Postscript: a false start

Here’s one thing I tried during debugging that turned out to be a dead end: the linux perf tool. It is way more detailed than I can understand, but it provides a means to let me know if the program is stuck in the OS kernel or whether it’s the applications that are slow. I ran the perf tool when the deployed application was in the “good performance” regime (early in its run).
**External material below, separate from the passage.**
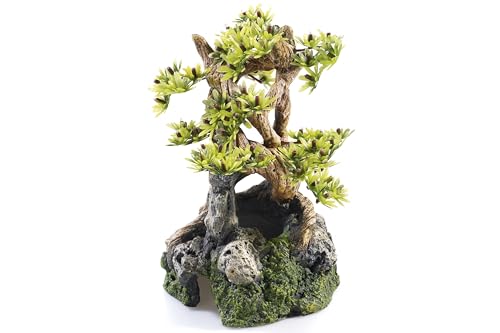 CLASSIC Caldex Limited Klassischer Bonsai auf Felsen, Polyresin, 19 cm von CLASSIC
I saw something like this:

Samples: 59K of event 'cpu-clock:pppH', Event count (approx.): 119984000000
Overhead  Command          Shared Object                                Symbol
49.13%  swapper          [kernel.kallsyms]                            [k] native_safe_halt
8.04%  python3          libpython3.7m.so.1.0                         [.] _PyEval_EvalFrameDefault
1.35%  python3          libpython3.7m.so.1.0                         [.] _PyDict_LoadGlobal
0.86%  python3          libc-2.28.so                                 [.] realloc
0.86%  python3          libpython3.7m.so.1.0                         [.] 0x0000000000139736
0.77%  python3          libpython3.7m.so.1.0                         [.] PyTuple_New
0.74%  python3          libpython3.7m.so.1.0                         [.] PyType_IsSubtype



It says half the time is spent by something called “swapper” doing something called native_safe_halt, and this in kernel mode ([k]), i.e., run by the OS. The rest of the list is dominated by python3 and postgres doing stuff like _PyDict_LoadGlobal which I assume is useful Python work. When I look up native_safe_halt (finding an explanation is surprisingly hard), I learn that this indicates the system is doing nothing. So 49% of the time the CPU is idle. This fits with good behavior in our case, because each docker container gets one of the two CPUs on the host, and the postgres container is most often doing nothing while waiting for the search container to send it data. This also matches the CPU utilization on the EC2 dashboard. So everything appears in order.

I ran perf again after the application started slowing down, and I saw that native_safe_halt is at 95%. This tells me nothing new, sadly. I also tried running it during the timing test and saw about 40% usage of some symbols like __softirqentry_text_start and __lock_text_start. Google failed to help me understand what that was, so it was a dead end.